EXERCISE> Copy, word for word, the lines of the listing below from the line with "Lubrifiant HOT Glide Lubrifiant" up to and including the line with "Casabellavista in Pigna, Liguria - Foto 31". Drop the pictures.

AVAILABLE RECORDS>
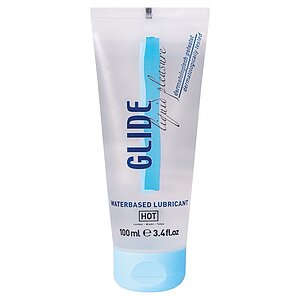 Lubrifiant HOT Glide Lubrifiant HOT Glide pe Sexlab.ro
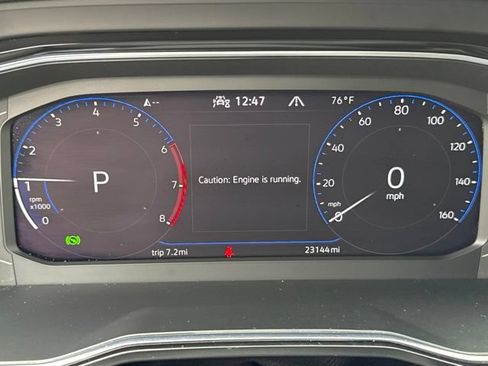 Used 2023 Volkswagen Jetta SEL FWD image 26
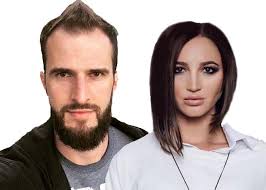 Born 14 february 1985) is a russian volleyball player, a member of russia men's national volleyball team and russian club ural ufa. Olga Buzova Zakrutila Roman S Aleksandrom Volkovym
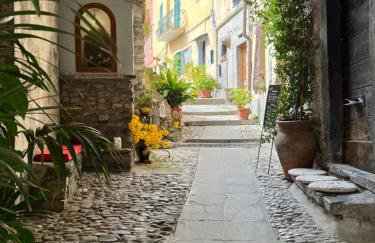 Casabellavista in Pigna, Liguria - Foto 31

---

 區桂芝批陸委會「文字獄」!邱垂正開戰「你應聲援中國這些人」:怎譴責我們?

--

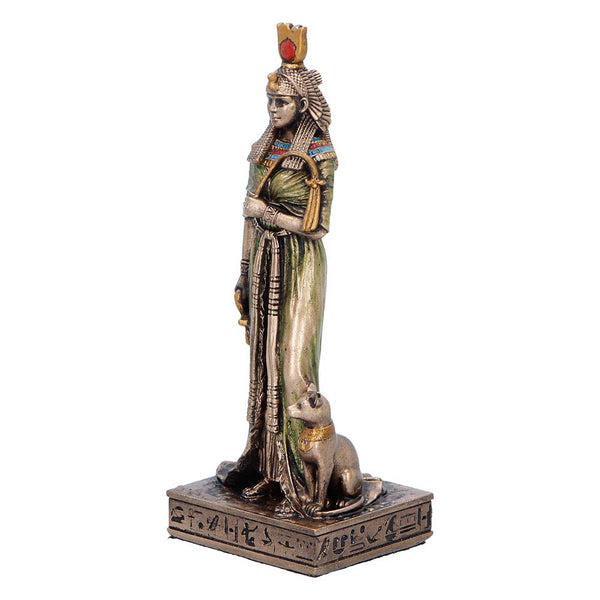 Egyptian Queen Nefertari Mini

YOUR RESPONSE>
 Lubrifiant HOT Glide Lubrifiant HOT Glide pe Sexlab.ro
 Used 2023 Volkswagen Jetta SEL FWD image 26
 Born 14 february 1985) is a russian volleyball player, a member of russia men's national volleyball team and russian club ural ufa. Olga Buzova Zakrutila Roman S Aleksandrom Volkovym
 Casabellavista in Pigna, Liguria - Foto 31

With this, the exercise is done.